Nizar Abdul Sattar's The Americans in My House, published recently, has been the talk of literary and cultural circles in Iraq. Some critics see the work as offering a new vision of the cause of friction between two civilisations.
The critic Fouad Al-Bazzaz said that Abdul Sattar has succeeded brilliantly in expressing the Iraqi cause as a struggle for the restoration of the path of civilisation, and fighting backwardness, spread by forces of terrorism and darkness.
He continued that the novel is free of self-hatred, while refusing to show any kind of "defeatism or distraction", but that it "reveals determination, self-love and faith".

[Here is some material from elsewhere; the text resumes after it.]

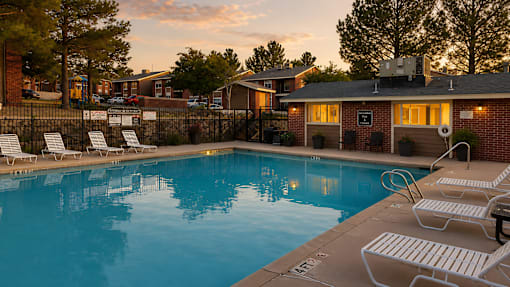 Swimming pool with lounge chairs at sunset at Las Lomas Apartments, Texas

The novel narrates events dating to after 2003, the year of the US invasion of Iraq, in the life of a journalist named Jalal, who works with an organisation or secret group named "Aledumnicos," and tries to keep a historical necklace that belongs to Queen Hamsho, Ashurbanipal's wife, the last king of the modern Assyrian Empire.
The importance of the novel lies in part that it is the first work written from inside about the situation in Iraq after 2003. It also poses major themes until now unexplored. Most writings about events in Iraq have been framed within the context of certain ideologies, written according to imagination as opposed to reality. They were not well-received.
The storyteller and novelist Nizar Abdul Sattar was born in Mosul in 1966 published his first short story collection, The Rain and Horses' Dust in 1995 in Baghdad. It was followed by the novel Angel's Night in 1999, reprinted in 2008 in Amman.He also published a collection of short stories entitled The Smell of the Cinema in two editions.